На похоронах было большое стечение народа. Скромного и честного труженика провожали на Смоленское кладбище и старые и малые, знатные и незнатные, богатые и бедные.

На Смоленском же кладбище схоронили и ректора Академии художеств Григория Ивановича Угрюмова. После воцарения Александра Павловича он делал заказные образа для церквей и тем, похоже, отводил душу.

В праздничные дни размеренная, монотонная жизнь воспитанников Академии нарушалась. Ставились спектакли, давались концерты и балы. Особо же преображалась Академия художеств в дни годичных выставок и публичных собраний. Тогда по коридорам курили можжевельником, служили торжественные молебны, слышалось пение церковного хора…

Андрей Иванович расписывал иконостасы в церквах. Как и покойный Угрюмов, он находил в том отдохновение. Не всегда все складывалось удачно в Академии. («Часто видел горький приход человека со службы в свое мирное семейство, чтобы утешиться», — запишет в автобиографических заметках Александр Иванов).

На лесах, пред расписываемыми образами, Андрей Иванович забывался.

В 1819 году писал он образа для иконостаса церкви Воздвижения Креста Господня, что располагалась во флигеле Таврического дворца, служившего в свое время резиденцией Екатерине II.



В декабре 1820 года освящена была полковая церковь Св. Спиридона Тримифунтского, при лейб-гвардии финляндском полку.

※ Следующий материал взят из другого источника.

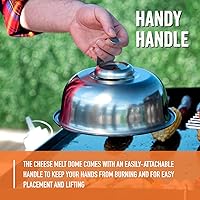 Vista 6 de Yukon Glory™ Cúpula de plancha con termómetro integrado, diseñada para parrillas Blackstone, perfecta para derretir queso, cocinar verduras al vapor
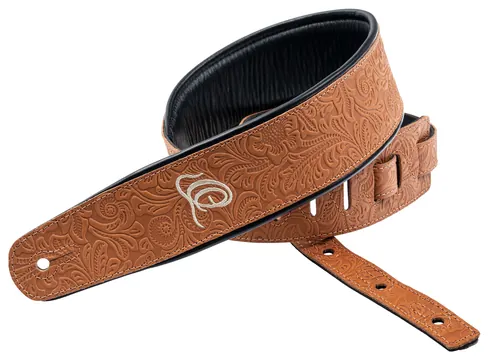 Ortega OSBY-4 Guitar Genuine Leather Strap Ledergurt (70mm), Byzantine Bourbon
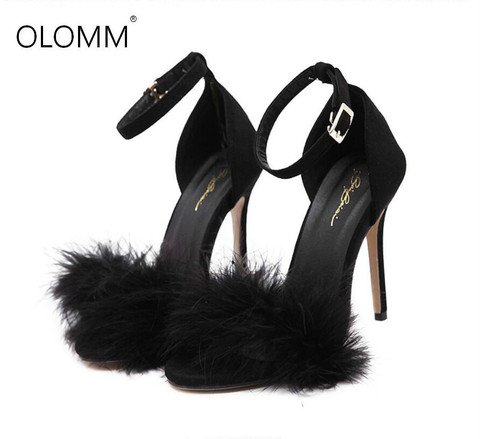 Mode 11cm talons Designers chaussures d'été femmes Stiletto Sandalen bout ouvert Fluff Strappy mince talons hauts à lacets sandales en fourrure ► Photo 1/6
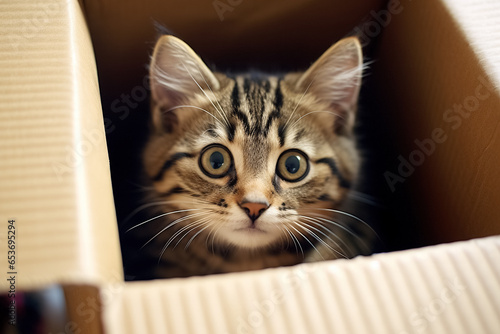 cardboard box with a cat. Generative Ai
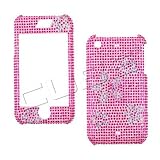 PINK FLOWERS CRYSTALS snap on cover faceplate for Apple iPhone (many other designs available!)
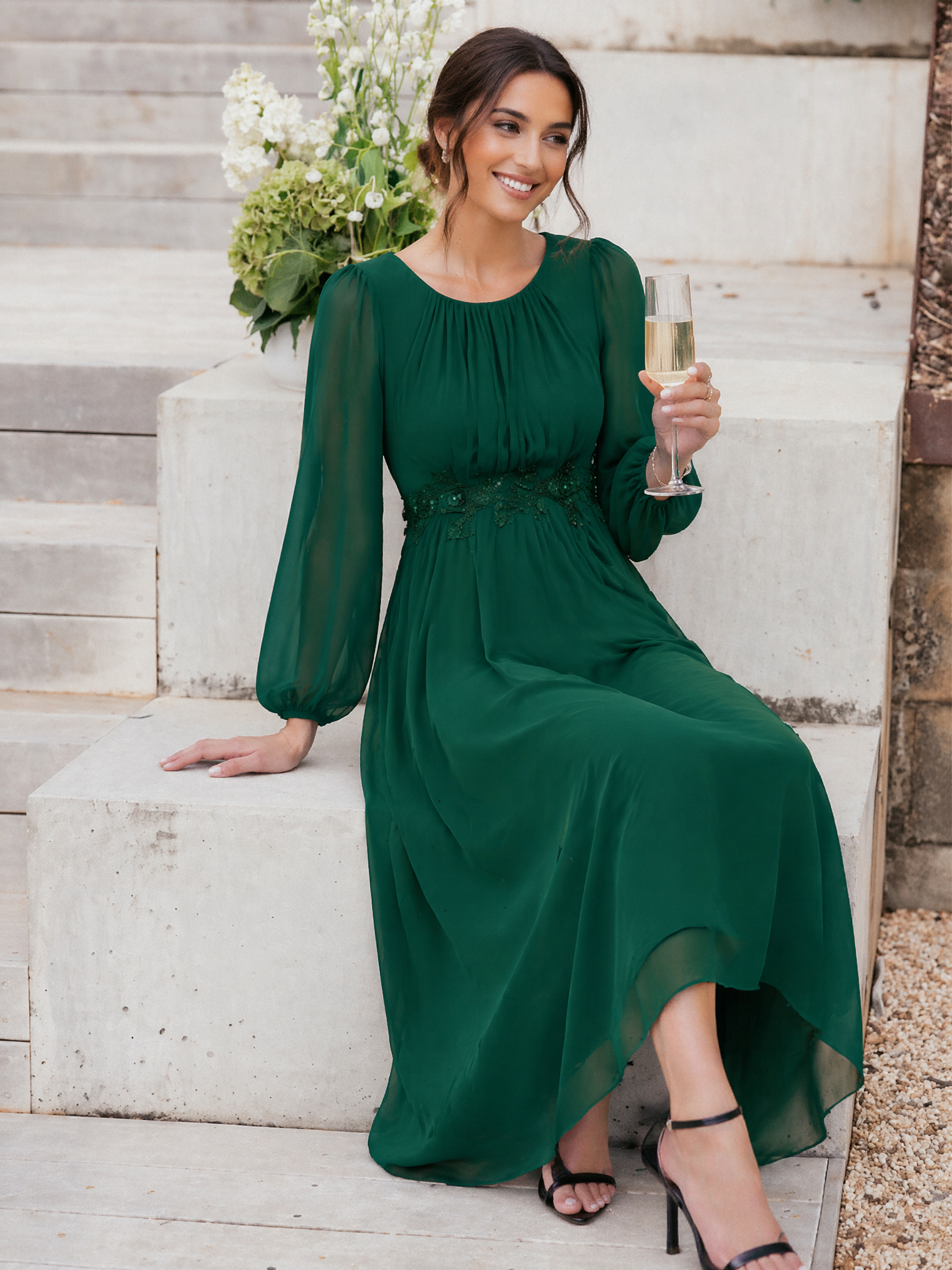 Chiffon Puff Sleeve A-Line Evening Dress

Ее интерьер, украшенный коринфскими пилястрами и росписью под лепку, считался одним из лучших в Петербурге. Коринфскими пилястрами был также оформлен высокий одноярусный иконостас с образами работы Андрея Ивановича Иванова.

Церковь гордилась своими святынями. Один из прихожан подарил ей ковчег с частицей Животворящего Креста и серебряный крест с частицами мощей апп. Петра, Павла, Андрея и Матфея. Вернувшись из Святой земли, великий князь Константин Николаевич поднес туфлю св. Спиридона и перламутровый крест с Гроба Господня.

Надо ли говорить, с каким благоговением прикладывался к святыням сын Андрея Ивановича Александр, приходивший в храм к отцу посмотреть работу и помочь в росписи по мере возможности. (В 1822 году Александр Иванов удостоен был Первой серебряной медали за рисунок двух натурщиков[11].)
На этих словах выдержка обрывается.